Meu objetivo é analisar os "mecanismos" que, segundo Gaspari, permitiram ao general Geisel cumprir duas tarefas: levar adiante a política de "distensão" dos controles autoritários sobre as instituições políticas nacionais e administrar com relativo sucesso a política de "contenção" do ramo repressivo do aparelho do Estado. Trata-se, desse modo, de avaliar a natureza, o sentido e o alcance da explicação oferecida pelo autor para entender o plano de auto-reforma do regime ditatorial-militar.

I.

A série de Elio Gaspari sobre a ditadura militar brasileira, editada em quatro tomos (de um total projetado de cinco), divide-se em dois blocos: a primeira parte, "As ilusões armadas", reúne os livros A ditadura envergonhada (publicado em 2002) e A ditadura escancarada (2002). A segunda parte, "O Sacerdote e o Feiticeiro", reúne três livros: A ditadura derrotada (2003), A ditadura encurralada (2004) e um último volume, ainda sem título, que narra o período que vai de 12 de outubro de 1977 (data da demissão do ministro do Exército, general Sylvio Frota) a 15 de março de 1979 (data da posse do general Figueiredo na presidência da República). O que liga os volumes entre si – e dá um sentido específico à obra como um todo – é a estrutura da narrativa: ela está centrada basicamente na trajetória e nas ações e reações de duas figuras-chave do período: os generais Ernesto Geisel (o quarto presidente do ciclo de governos militares do pós-1964) e Golbery do Couto e Silva (seu ministro-chefe da Casa Civil). Conforme explicou o autor, "Em nenhum momento passou pela minha cabeça escrever uma história da ditadura. Falta ao trabalho a abrangência que o assunto exige, e há nele uma preponderância de dois personagens (Geisel e Golbery) que não corresponde ao peso histórico que tiveram nos 21 anos de regime militar"[2]. Mas por que esses personagens e não outros? Porque foram eles justamente que "fizeram a ditadura e acabaram com ela"[3] .

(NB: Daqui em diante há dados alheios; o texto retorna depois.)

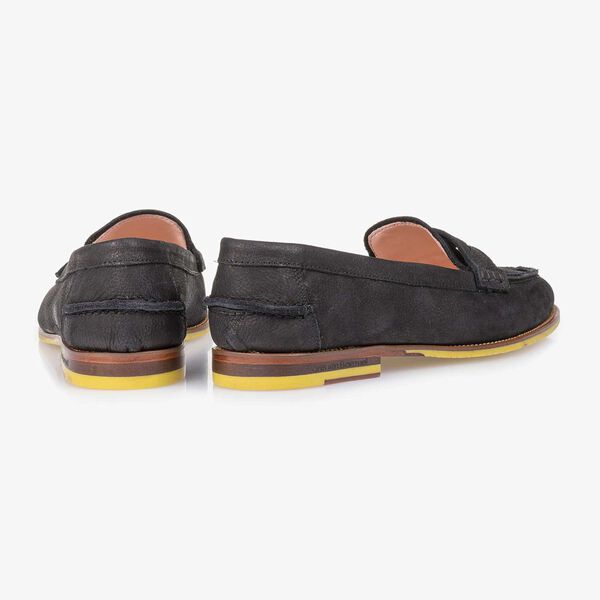 Black structured nubuck leather loafer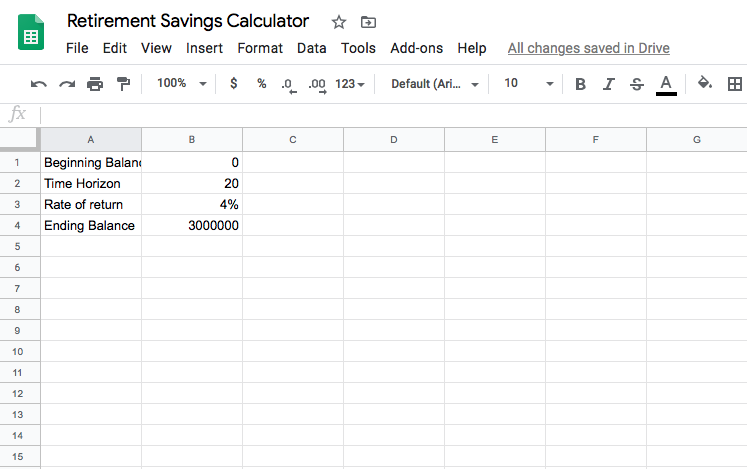 Google sheet with assumptions entered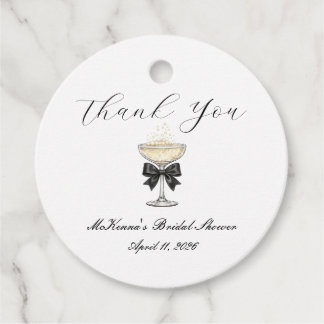Champagne Bridal Shower Thank You Favor Tag Bow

O que divide os volumes, e dá sentido aos títulos, para além da rima forçada, resulta de uma periodização detalhada da conjuntura, orientada por uma problemática específica – a militar. De um lado, ela enfatiza os acontecimentos críticos da cena política nacional no pós 1964 e seus efeitos sobre os conflitos no interior das forças armadas (principalmente no interior de seu ramo dominante: o exército). De outro, ela ilumina a atuação dos chefes militares, evidenciando o ideário político, as alianças estratégicas, as movimentações conspiratórias e a ascensão ou decadência desses atores e dos seus grupos em função de duas questões-chave para o regime: a repressão e a sucessão. O comportamento militar é visto assim ora como causa (em maior medida), ora como conseqüência (em menor medida) dos processos de evolução e mudança do regime político ditatorial.

A ditadura envergonhada (que cobre o período de 31 de março de 1964 a 13 de dezembro de 1968) registra no título a orientação mais ou menos provisória da intervenção militar e seu caráter principalmente reativo – contra "o comunismo", contra "o populismo" e contra "a corrupção". Sugere, àquela altura, não somente a timidez da "Revolução" diante de objetivos programáticos mais consistentes, mas também o pretenso desconforto da corrente castellista com as medidas de exceção do governo (censura, cassações, tortura), dada sua decantada moderação diante da "linha dura" do exército[4]. O problema central aqui me parece ser o da institucionalização de uma nova forma de Estado/regime político. Se até outubro de 1965 não estava clara a preponderância absoluta das principais lideranças políticas das forças armadas na coalizão conservadora que derrotou Goulart, depois de dezembro de 1968 consumam-se quatro processos paralelos: o fechamento da cena política, a centralização de prerrogativas e a concentração do poder no executivo federal militarizado e a promoção da "comunidade de informações".